熙旺不知道什么时候出现在客厅,轻叹了口气,让熙蒙说说昨晚到底怎么回事。
“我爱他,在你们在一起前我就喜欢他了,我想上他,想和他在一起,就这么回事。”熙蒙放下手里的棉签,不紧不慢地说道“不然你以为是什么,都是误会?酒后乱性?那可能让你失望了。”
“明明是我先认识他,如果没有我你们能认识吗?能有现在的结果吗?为什么,你告诉我,凭什么我先认识他而你们却在一起了?凭什么?!”
有一点让熙蒙说对了,熙旺宁可都是误会,一次酒后乱性,他会在心里反复告诉自己熙蒙不喜欢傅隆生,傅隆生也不喜欢熙蒙,第二天忘了就好,什么也不会发生。但现实给了熙旺一记耳光,并且要他听清楚,这一切都是有意的,熙蒙爱傅隆生,想要和他在一起。
可那又怎样,摆在熙蒙面前的事实是熙旺已经和傅隆生在一起,熙蒙又能奈何,无能找补,用些下作的手段而已。
“你要论先来后到是吗?那好,我来告诉你为什么。因为我在高中的时候就喜欢他了,我每天拼命的学为的就是离他近点,有资格有本钱和他在一起,有能力给他一个未来。熙蒙,你知道我和他认识多久了吗,七年,而你呢,有三年了吗?你有我了解他吗?你见过他所有的样子吗?我爱他,他也爱我,我和他你情我愿,但是他爱你吗?你又能给他什么?”
熙旺在此之前从未和任何人提过他在高中时就认识了傅隆生,于是,在熙蒙的认知里熙旺就成了抢走心爱之人的恶人,而现在熙蒙的认知全然被打破。
“认识七年又能怎样?!不是都说七年之痒吗,你们现在也该痒了吧!”熙蒙整张脸通红,几乎是用吼出来的,甚至还有回音。

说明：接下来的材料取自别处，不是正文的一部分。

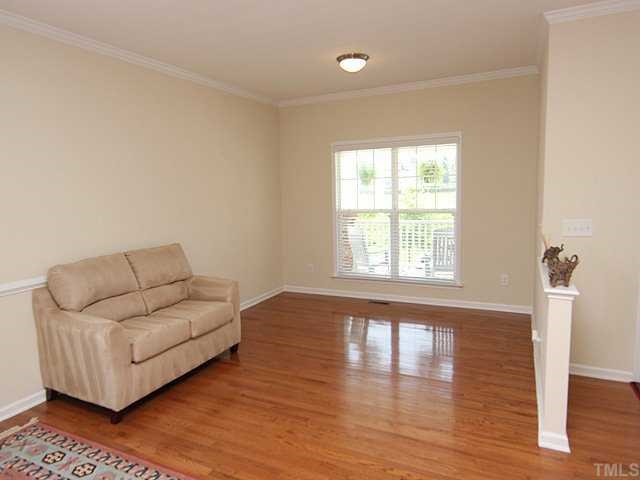 131 Locke Woods Road Raleigh, NC 27603 - Photo 2 of 18 a living room with furniture and a large window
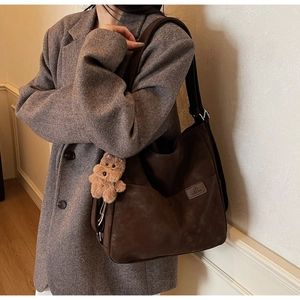 Detail of dark brown leather tote bag featuring a cute teddy bear plush charm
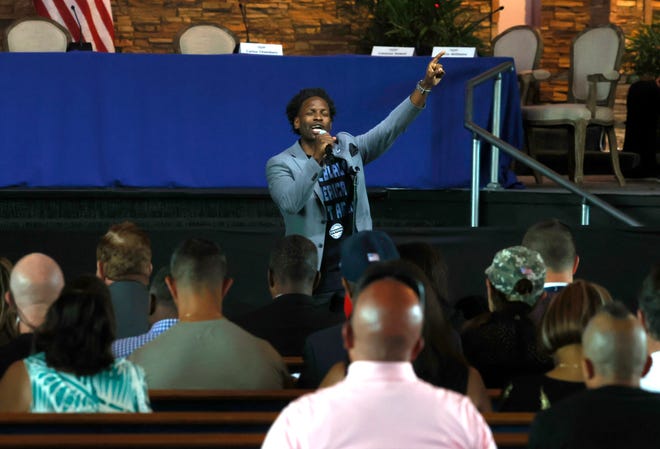 Rev. Lorenzo Sewell of 180 Church in Detroit talks to the crowd before a roundtable discussion with former President Donald Trump inside his church in Detroit on Saturday, June 15, 2024.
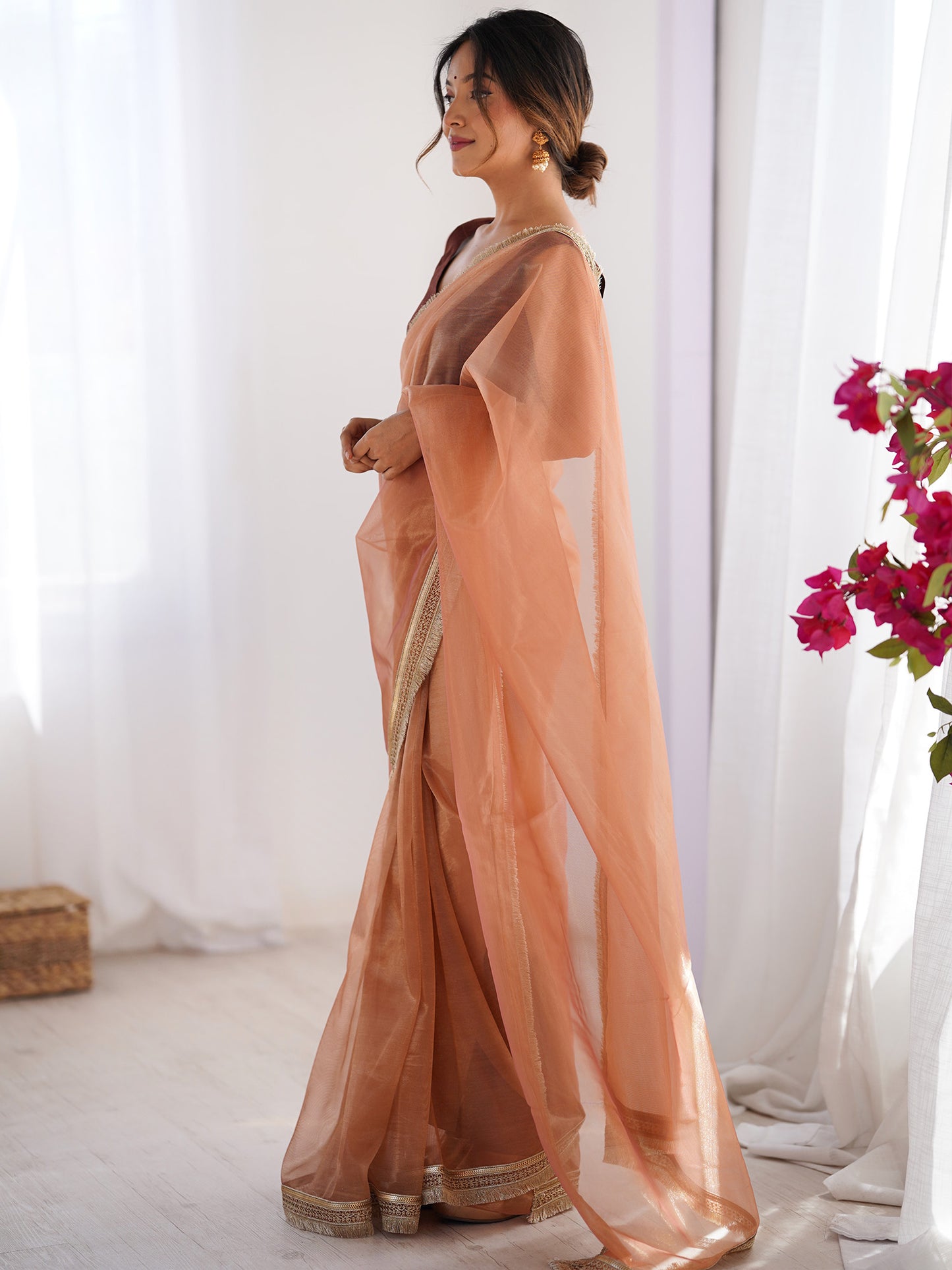 Women's Net Peach Embellished Designer Saree With Blouse Piece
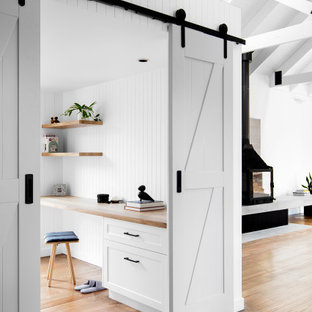 Inspiration för ett litet funkis hemmabibliotek, med vita väggar, mellanmörkt trägolv, en öppen vedspis, en spiselkrans i betong och ett inbyggt skrivbord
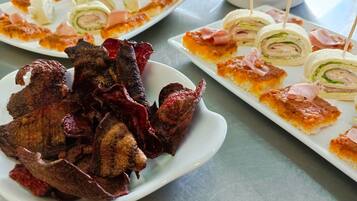 A variety of appetizers including skewered meats, rolled sandwiches, and small bites on white plates.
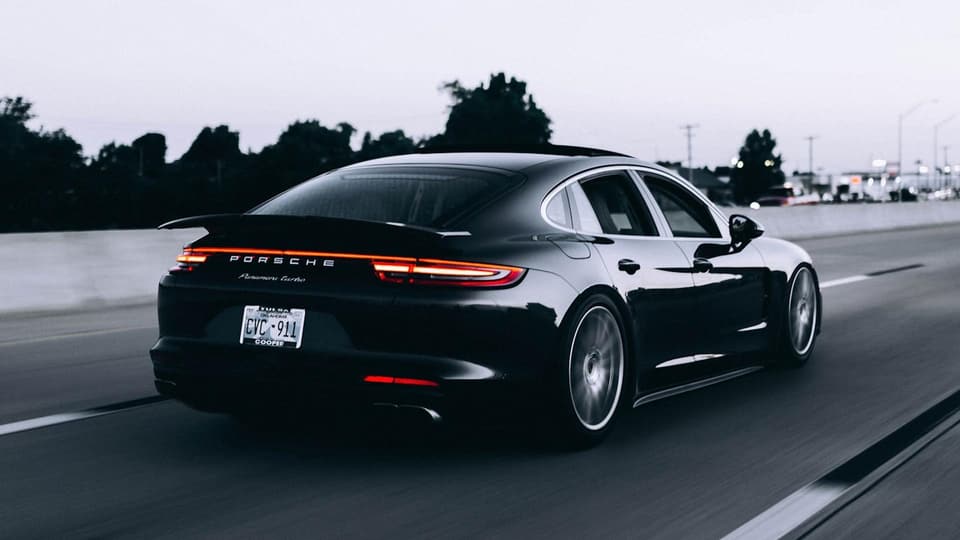 Stock photo: a dark sports car photographed at night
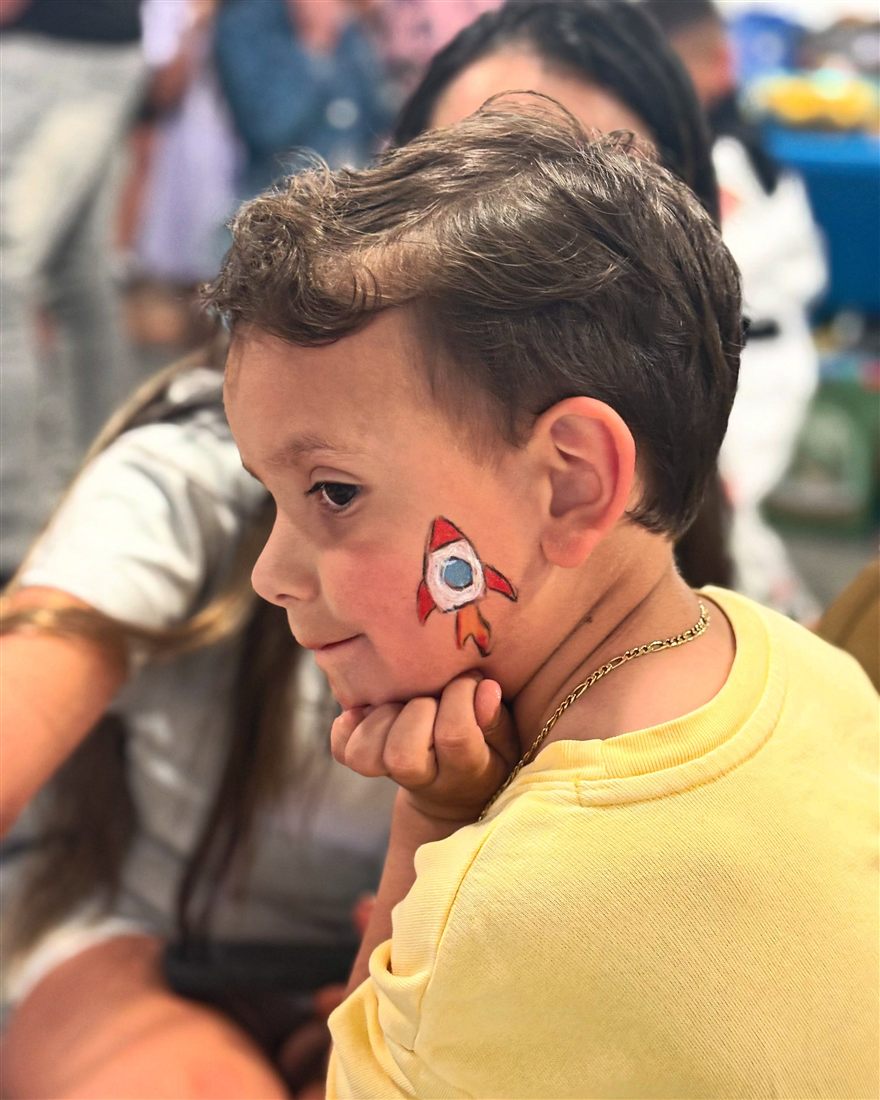 Boy in a yellow shirt with a red rocket painted on his cheek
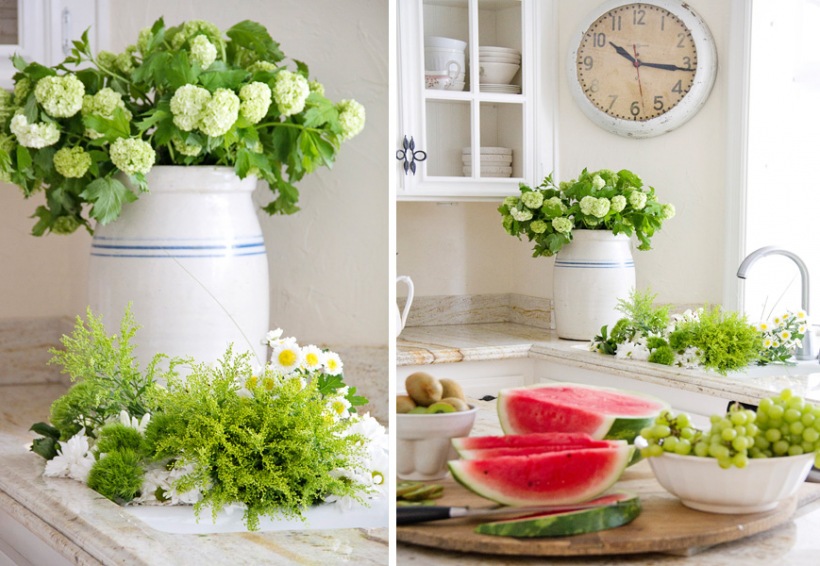 Białe kwiaty, arbuzy i winogrona w dekoracji tradycyjnej białej kuchni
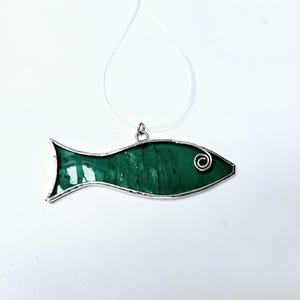 Pu&ograve; includere: Ciondolo a forma di pesce in vetro colorato verde, realizzato a mano, con una cornice in metallo color argento e un ricciolo decorativo sulla testa. Il ciondolo &egrave; appeso a un cordino sottile e trasparente, perfetto per una collana.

“七年只不过是时间长了些,傅隆生比你大那么多,见过形形色色的人,他对你只是一时感兴趣而已,他总会腻的。”先前以为的优势在熙旺面前变成了不值一提的东西,此刻熙蒙只能用这种可笑的理由让自己心理平衡。
“是,他见过太多的人和事,但他至少对我感兴趣过,那他对你呢?有过吗?”
熙蒙的呼吸肉眼可见的变得急促——熙旺说对了。
“他总有一天会的。”落下这句话过后熙蒙就摔门而出,他不占理,再说下去迟早会被气死。
这件事后熙蒙基本都在学校,周末也都呆在宿舍,只有一次请假回了趟家——参加熙旺和傅隆生的婚礼。